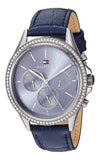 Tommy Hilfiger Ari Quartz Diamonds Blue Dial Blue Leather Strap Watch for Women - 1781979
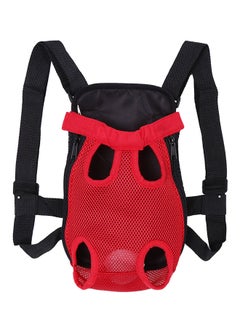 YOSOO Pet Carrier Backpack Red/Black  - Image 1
____________
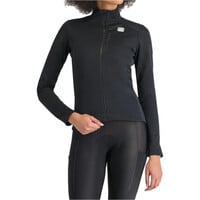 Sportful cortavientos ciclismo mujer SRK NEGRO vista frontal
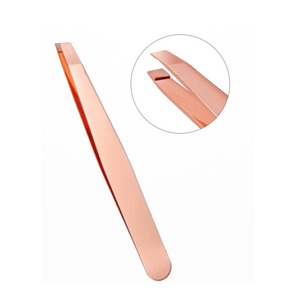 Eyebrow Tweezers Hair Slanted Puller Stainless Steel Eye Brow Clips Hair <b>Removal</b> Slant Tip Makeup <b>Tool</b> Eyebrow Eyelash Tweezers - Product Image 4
____________
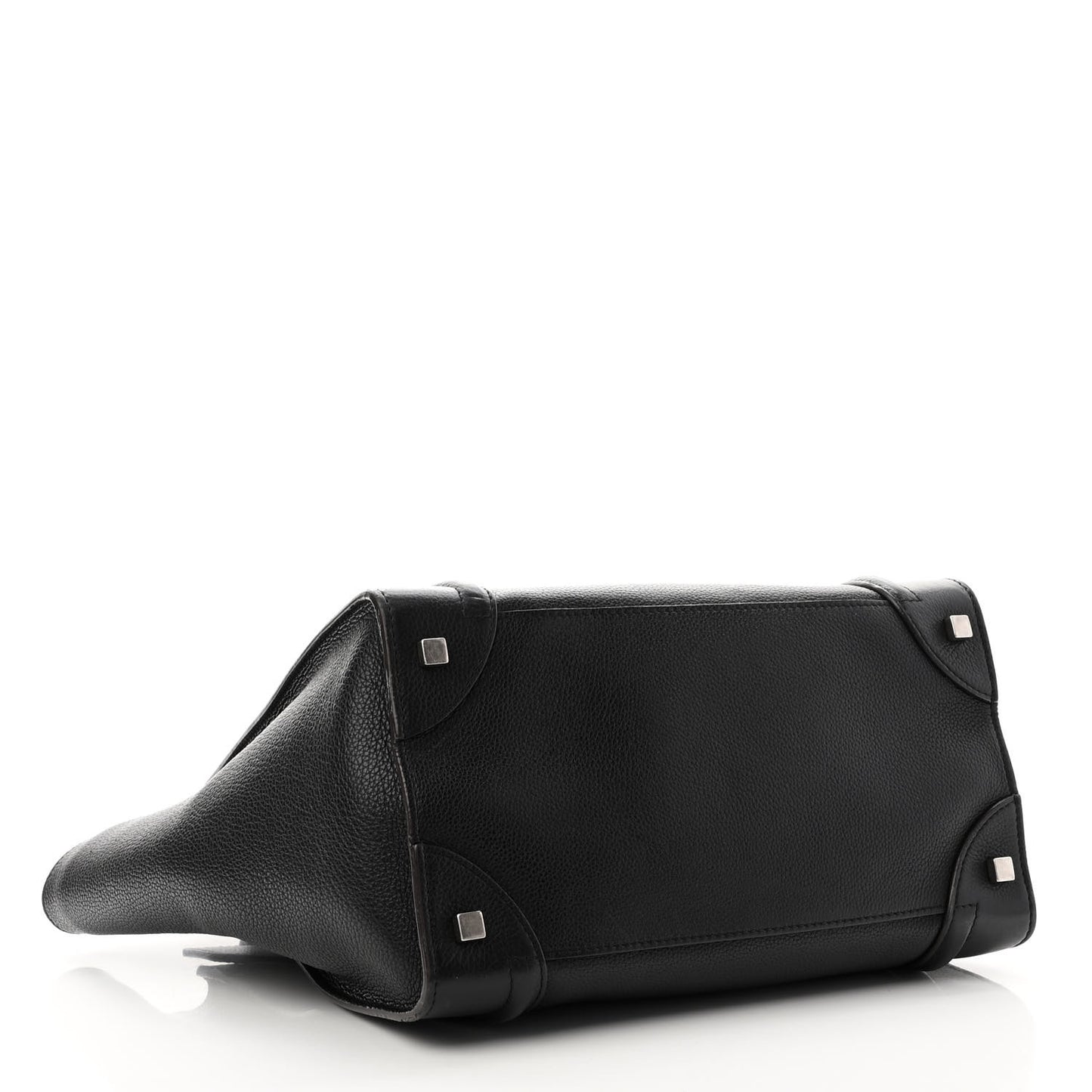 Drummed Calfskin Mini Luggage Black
____________
◆ TASK OBJECTIVE: Every line from the one with "Tommy Hilfiger Ari" through the one with "YOSOO Pet Carrier" is to be reproduced exactly as written above, and the pictures are to be dropped.

◆ RESPONSE TO THE TASK:
 Tommy Hilfiger Ari Quartz Diamonds Blue Dial Blue Leather Strap Watch for Women - 1781979
 YOSOO Pet Carrier Backpack Red/Black  - Image 1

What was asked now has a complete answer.